Nikolić piłkarzem Legii był w latach 2015-16. To właśnie z niej trafił do Chicago Fire, gdzie grał przez trzy ostatnie sezony. W MLS zdobył 56 bramek w 104 meczach. To drugi najlepszy wynik w historii klubu (wyprzedził m.in. Piotra Nowaka, który ma na koncie 26 goli). Od Węgra więcej goli strzelił tylko Ante Razov (76) - Amerykanin chorwackiego pochodzenia, który w Chicago Fire występował w latach 1998 - 2004.

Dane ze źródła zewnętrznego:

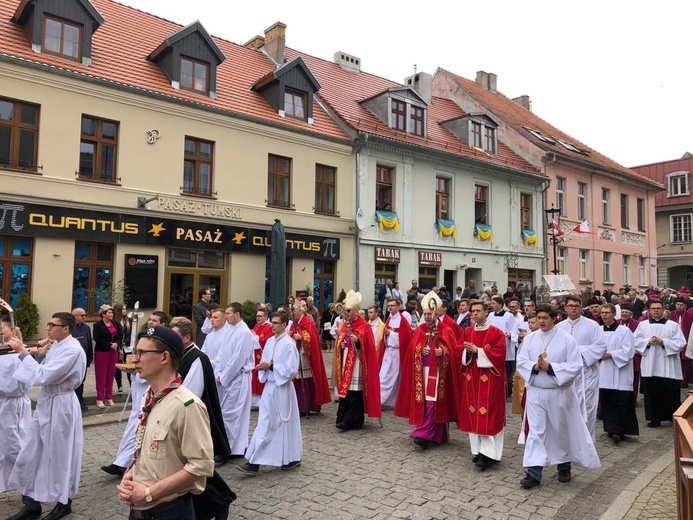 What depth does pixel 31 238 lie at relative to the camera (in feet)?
43.4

Ile Wisła Kraków dostała od Legii za Carlitosa? Prezes: Oczekiwania były większe

Zobacz wideo

Nikolić: Szybko udowodniłem, że to była dobra decyzja

Ludzie byli sceptycznie nastawieni do tej przygody. To mnie jednak tylko motywowało i szybko udowodniłem, że była to dobra decyzja. Udało się podtrzymać poziom, jaki prezentowałem w Videotonie i w Legii. Podczas pierwszego roku z Chicago Fire dotarliśmy do play-offów, a ja wygrałem klasyfikację strzelców po raz pierwszy w historii klubu. USA to był dla mnie trzeci kraj i czwarty rok z rzędu, kiedy strzelałem najwięcej bramek w lidze. Amerykanie mówią: „rób swoje". I ja tak właśnie robiłem. Myślę, że dobrze wykonałem swoją pracę

- napisał Nikolić w pożegnaniu z kibicami na Facebooku. To kolejne pożegnanie ważnego piłkarza z klubem z Chicago po tym, jak karierę w ostatnich dniach zakończył Niemiec Bastian Schweinstegier. Przypomnijmy, że zawodnikiem Fire jest reprezentant Polski Przemysław Frankowski.